▶ TRY IT
Using the listing below, please print exactly the lines from the one with "Nâng cấp đặc" through the one with "Diesel COATS &". Leave out every picture.

▶ MATERIAL SHOWN
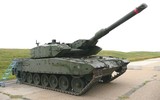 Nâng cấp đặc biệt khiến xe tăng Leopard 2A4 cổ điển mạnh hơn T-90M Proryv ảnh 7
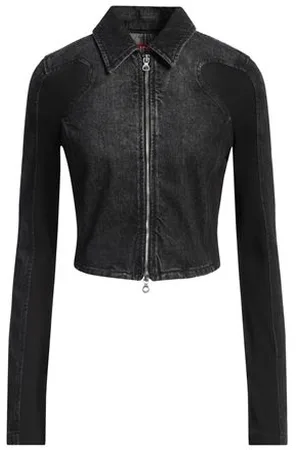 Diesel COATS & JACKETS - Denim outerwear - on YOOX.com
--
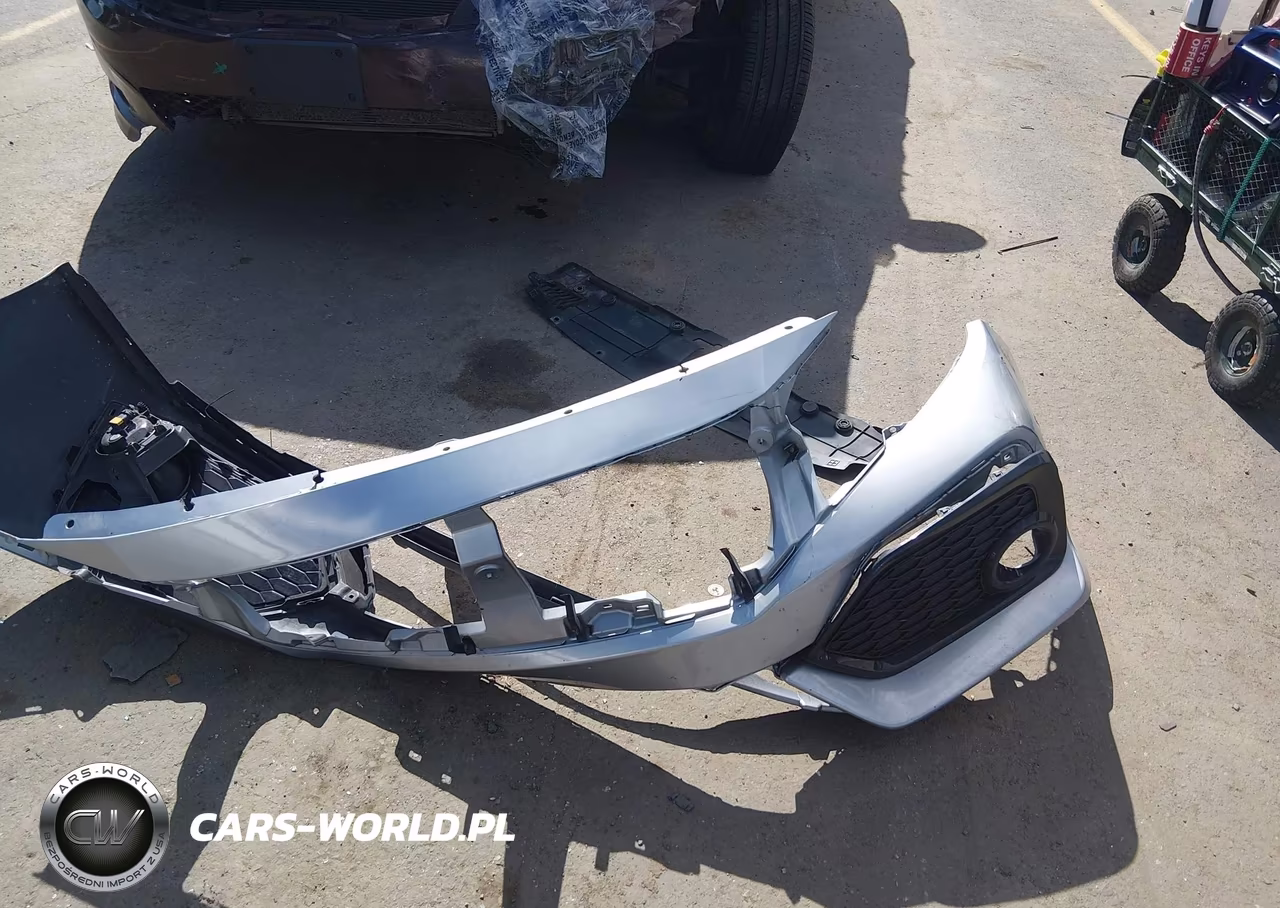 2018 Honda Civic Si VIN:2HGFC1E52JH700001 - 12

▶ OUTPUT OF THE TASK
 Nâng cấp đặc biệt khiến xe tăng Leopard 2A4 cổ điển mạnh hơn T-90M Proryv ảnh 7
 Diesel COATS & JACKETS - Denim outerwear - on YOOX.com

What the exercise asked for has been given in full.